En un primer momento, el resto de la unidad se había apostado entre el aeropuerto y Puerto Argentino, pero ante el continuo bombardeo inglés a la pista de aterrizaje, el 9 de mayo fueron desplazados a una hondonada ubicada al noroeste de la altura de Sapper Hill en proximidades del arroyo Felton, y con la misión de reforzar los fuegos del Grupo de Artillería 3.

El 11 de junio para esos artilleros comenzó lo que Miguel Perandones, por entonces un capitán de 35 años y oficial de Operaciones describió como el “combate feroz”.

Para disimular los disparos del cañón Sofma de 155 mm, que tenían un alcance de 20 kilómetros, y para que los ingleses no detectasen su posición, los disparos se hacían coordinados entre las baterías del GADA 4, el Grupo de Artillería 3 y las del BIM 5, de izquierda a derecha. Sabían que estaban a merced de la artillería británica, que tenía mayor alcance.

De noche, los ingleses barrían con sus cañones las posiciones argentinas, y se cuidaban de no disparar contra la ciudad.

El 11 la intensidad de los combates recrudeció. Si normalmente la cadencia era la de un tiro por minuto, se llegó a disparar 3 o 4 y en ocasiones más aún. A pesar del frío reinante, los caños debían ser enfriados con bolsas y trapos mojados porque se corría el riesgo de que, a causa del calor, se deformasen.

Junto a los cañones se dispusieron tubos de 200 litros acostados abiertos, donde se refugiaban los servidores para protegerse del fuego enemigo.

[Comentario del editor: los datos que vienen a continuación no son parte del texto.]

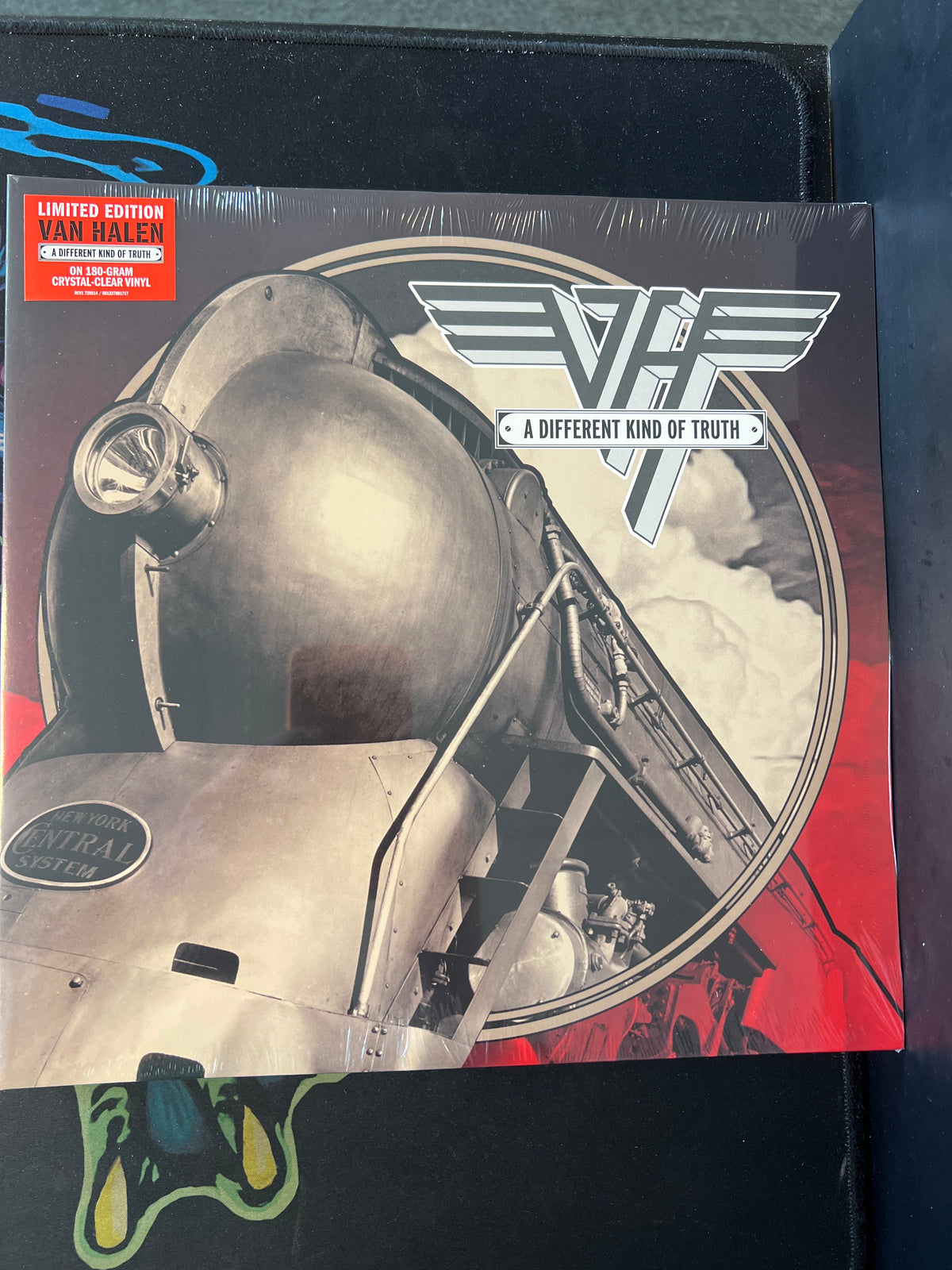 VAN HALEN - a different kind of truth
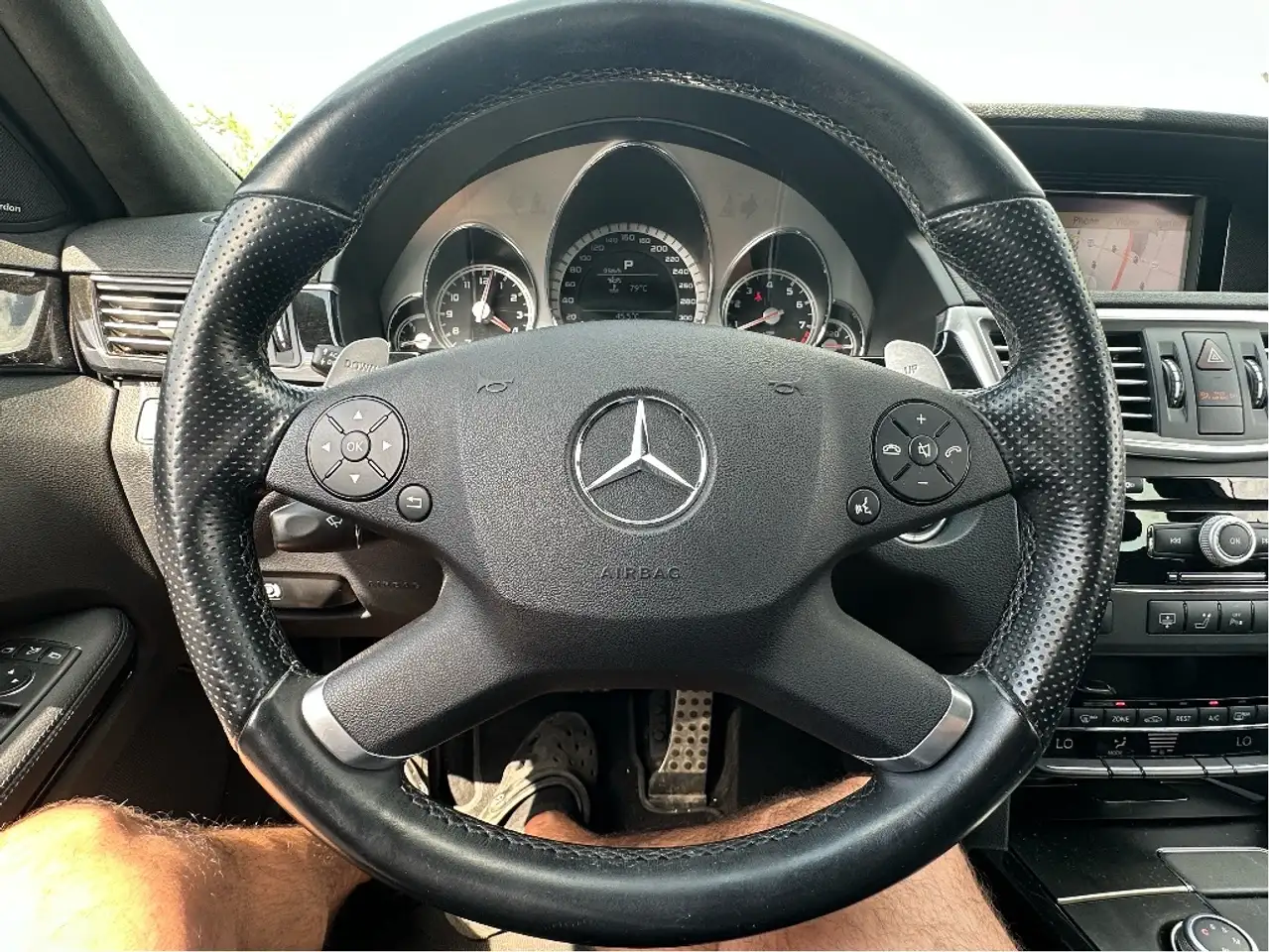 Mercedes-Benz E-Class photo Mercedes-Benz E-Class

Eso y los neumáticos del cañón eran los únicos resguardos.

La munición se guardaba a unos quinientos metros y los soldados iban y venían con cajas de proyectiles.

Con el correr de las horas, las piezas sufrieron el intenso desgaste y fueron quedando fuera de combate. Además, el suelo barroso y los desplazamientos que se hacían de la pieza, provocaron que se hundiesen en la turba y fuera extremadamente dificultoso moverlas.

La última orden fue la de tirar de donde provenían los proyectiles trazantes ingleses, ya a muy poca distancia. Todos ayudaron a disparar el último Oto Melara, mientras el resto se reorganizó como tropa de infantería.

Esta unidad tuvo tres caídos. El soldado Eduardo Antonio Vallejo, de la batería Comando y Servicio, caído en la noche del 10 de junio; Jorge Eduardo Romero, muerto el 11 y Néstor Osvaldo Pizarro, fallecido el 14, éstos dos últimos de la batería B. Fueron condecorados con la medalla “La Nación Argentina al muerto en combate”. Un oficial, tres suboficiales y dos soldados resultaron heridos.

En las primeras horas del 14 de junio, el teniente coronel Quevedo le sugirió al teniente coronel Martín Balza silenciar el campo de combate. Cuando los ingleses comprobaron que los argentinos dejaron de disparar, ellos hicieron lo mismo.

Perandones, hijo de un oficial artillero –”no me lo hubiera perdonado si elegía otra arma”- cuando se refiere a Malvinas, asegura que “tuve la suerte de tener la desgracia de estar allí”. Suerte porque es para lo que se prepara el soldado y desgracia porque nadie quiere una guerra. A él le tocó una, en la que los artilleros dispararon hasta el último cartucho.